She searched around for a horse that had “Champ” on their rug or a grey horse. She found many amazing horses, but no Champ or grays. She leaned into the front seat, she saw her father had a smile on his face. This was unusual when he was looking at horses. The car pulled up and the girl got out, her aunty and father got out and stretched their legs. 
The girl saw the horse’s owners who she had spoken to many times on the phone and knew through her fathers work. 
“Come meet Chinga,” the owners said as they lead the girl over to a paddock that didn’t have as much grass in it. The paddock had two young, skinny *Thoroughbreds*in it they stood close together. They were bay and looked nothing like the horses her father and the owner had told her about.
“Dad?” The girl asked looking up to her father for an explanation.
“Maddie, this is Chinga we made up the whole grey thing because we wanted it to be a surprise,” He replied looking at his daughter as one of the bays, the taller one came over and sniffed his arm that he had resting on the fence.
“Okay,” Maddie replied, this is all she had to say.
“Hey buddy, your looking for another carrot aren’t you well Maddie’s got one in the car for after your ride if you’re good,” He said rubbing the horse on the forehead.
This shocked Maddie, she’d never seen her father act like this with a horse. She knew that her dad had been coming and giving Chinga carrots when he came to pick the guys up for work but Chinga looked so sweet with him.


----------



## ChingazMyBoy (Apr 16, 2009)

Not sure why Thoroughbred came up in bold.


----------



## ChingazMyBoy (Apr 16, 2009)

Maddie looked over the horse, he was a dull bay. He had no spirit in his eyes. Maddie thought that he was going to be a boring, lazy horse that she would never be able to just let him go and he would run.
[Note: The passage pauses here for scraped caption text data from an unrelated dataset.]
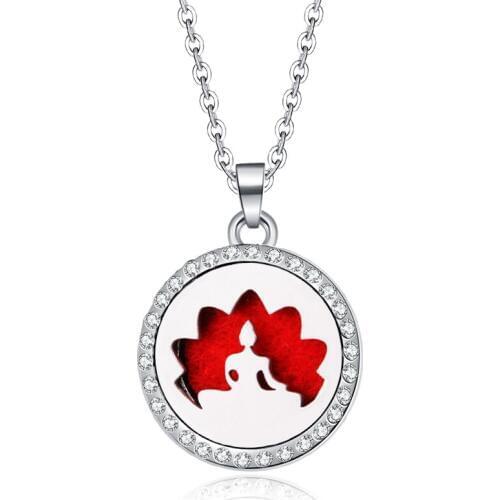 Lotus Guanyin Zircon Aroma Diffuser Locket Pendant Stainless Steel Magnetic Necklace Perfume Essential Oil Diffuser Box Jewelry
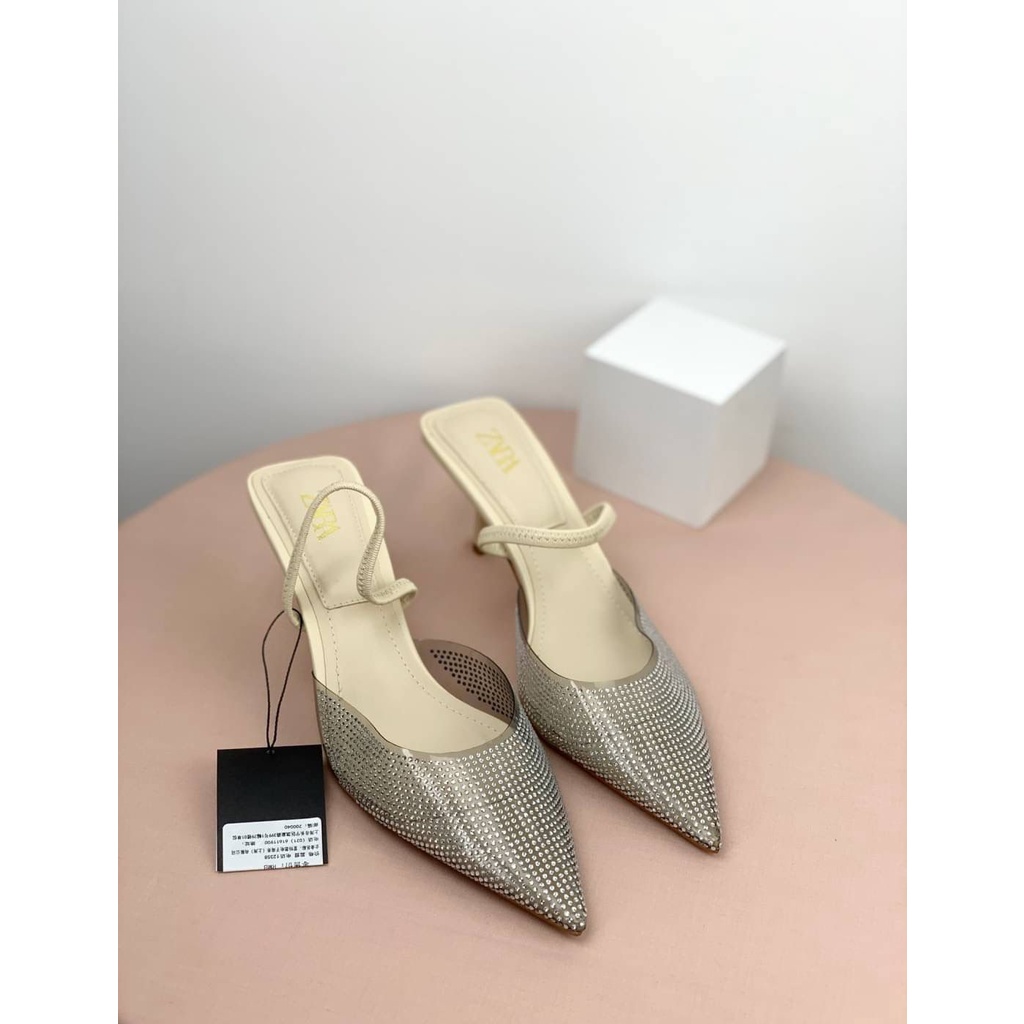 [7.7 Boombastis Sale⚡] - SEPATU WANITA ZS389 BLINK VYNIL MULES HEELS PREMIUM IMPORT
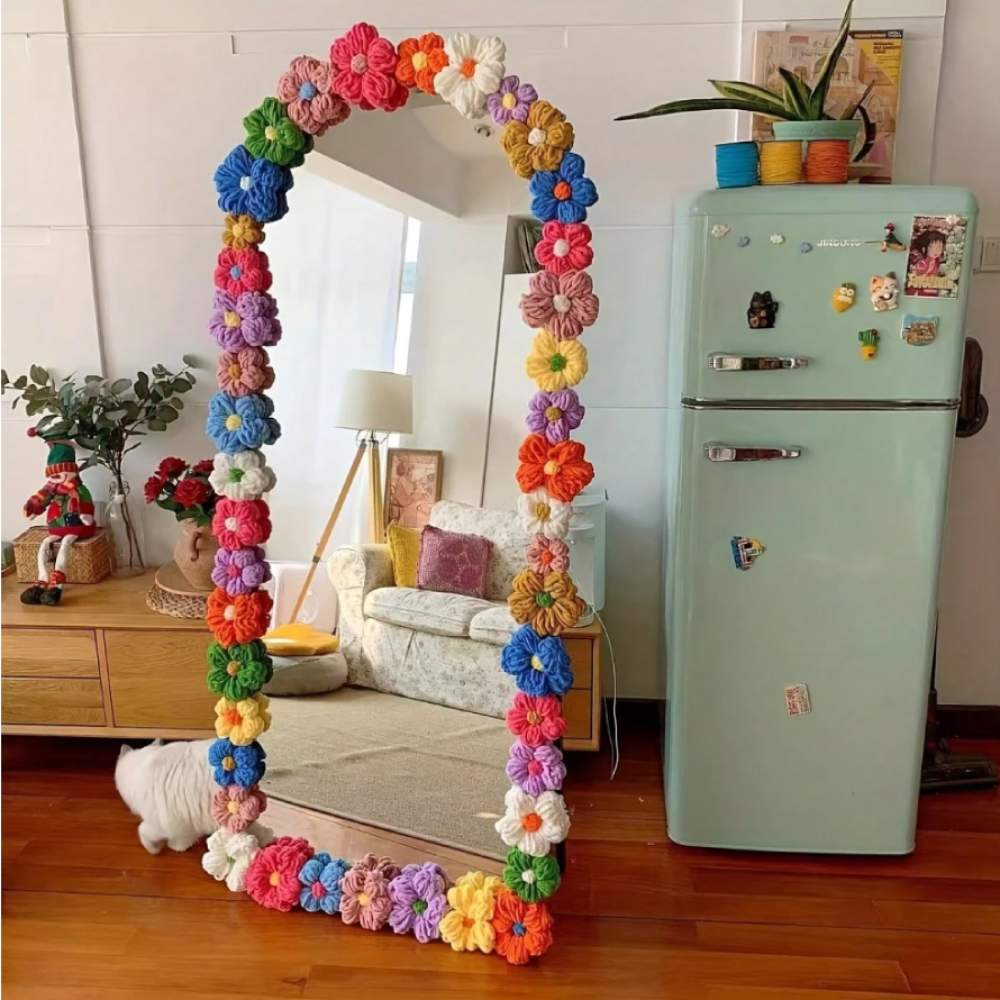 Handmade Crochet Flowers for Mirror Decor DIY, colorful crochet flowers for craft & decor in Pakistan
The owners walked off, she had heard her dad talking to them but she hadn’t been listening. They came back with a saddle, saddle blanket and a bridle. He had a dullish saddle blanket. It had the wonderful colour of grey. Maddie then decided that he was going to have a bright saddle blanket if he became hers.

She watched as the owners saddled him up, he stood quietly while they did up his girth. There was only one problem, he hated the bit. He threw his head as high as he could and tried to back away. Maddie sighed. She’d dealt with horses who didn’t like the bit before and she knew how hard it was to get them to like the bit. 

It was time for Maddie to mount, the owners had said he stood quietly while people mounted, but to make sure Maddie held her reins firmly. She bounced on the ground one, two, three, go. She mounted like an idiot. Chinga threw his ears back and pranced around. 

“Steady boy, Steady,” She said to him giving him a pat. 

Soon after that he quieted down, Maddie felt like an idiot she could imagine her sister saying “Way to make an entrance”. Maddie asked for a walk, she could feel everyone’s eyes on her. Maddie wasn’t worried she had ridden in gymkhanas and competitions.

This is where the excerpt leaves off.